Inside the making of Gemini 3 - how Google's slow and steady approach won the AI race (for now) (www.zdnet.com)

🤖 AI Summary
Google’s product team opened up how Gemini 3 was built and why the release was slower than the I/O-to-November cadence many expected. Rather than rushing experimental checkpoints into the wild, the team prioritized pre-training targets (stronger reasoning and multimodality) and an extended post-training iteration cycle focused on tool use, persona refinement and developer usability. That meant more closed-door testing, deeper feedback loops, and a big operational lift to coordinate simultaneous launches across the Gemini app, Search and AI Studio — all intended to reduce developer churn from constantly shifting model behavior and to ship a higher-quality experience at scale. Technically notable: the team uses Gemini itself to cluster and analyze massive feedback, accelerate UI/product coding and triage issues, while deliberately keeping humans in the loop to preserve empathy for real user pain points.
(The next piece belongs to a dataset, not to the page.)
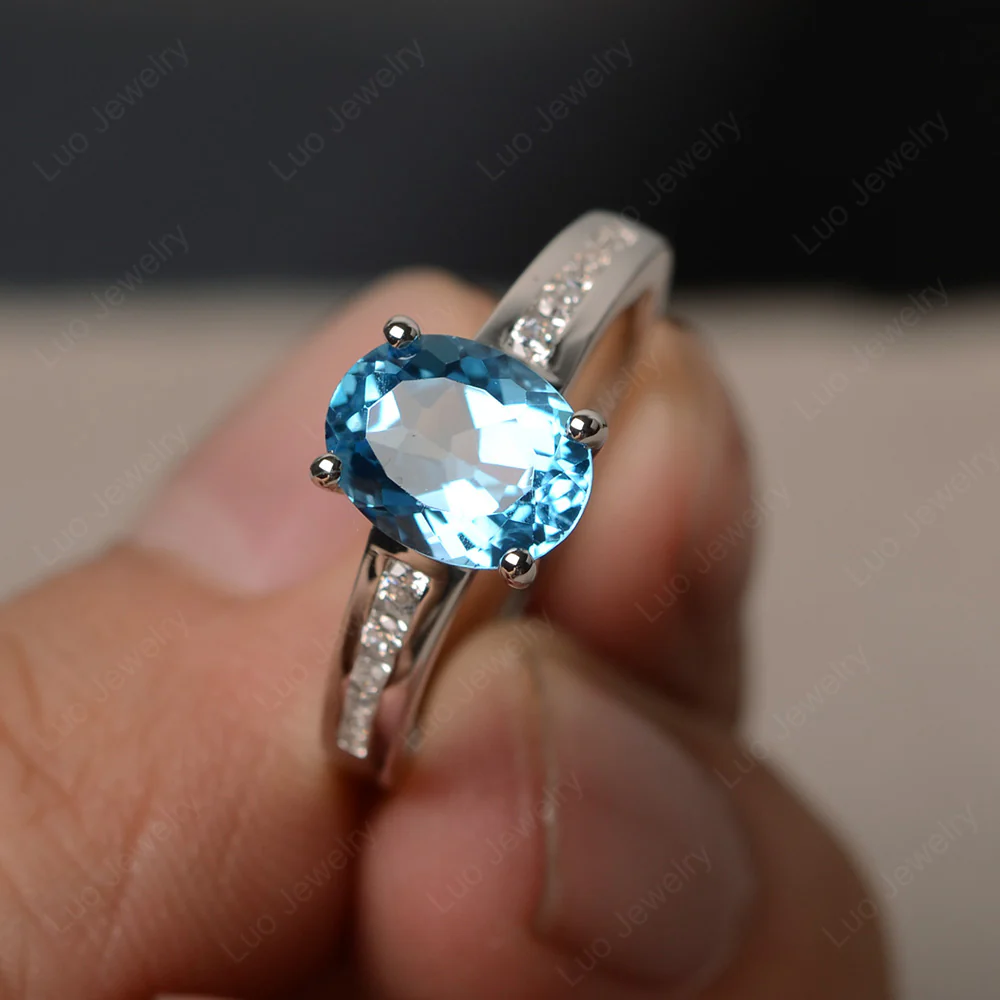 Classic Oval Swiss Blue Topaz Engagement Ring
The Nano Banana Pro image model shows a major leap in text rendering for generated images (single-shot outputs are now often usable), but multi-turn generation still degrades — models can produce convincing-but-fake words or breakdown after several edits. The narrative highlights a broader industry implication: quality-driven, iterative development (and using models to help build models) can yield more stable, deployable AI, but complex serving, coordination and multi-turn robustness remain key engineering challenges.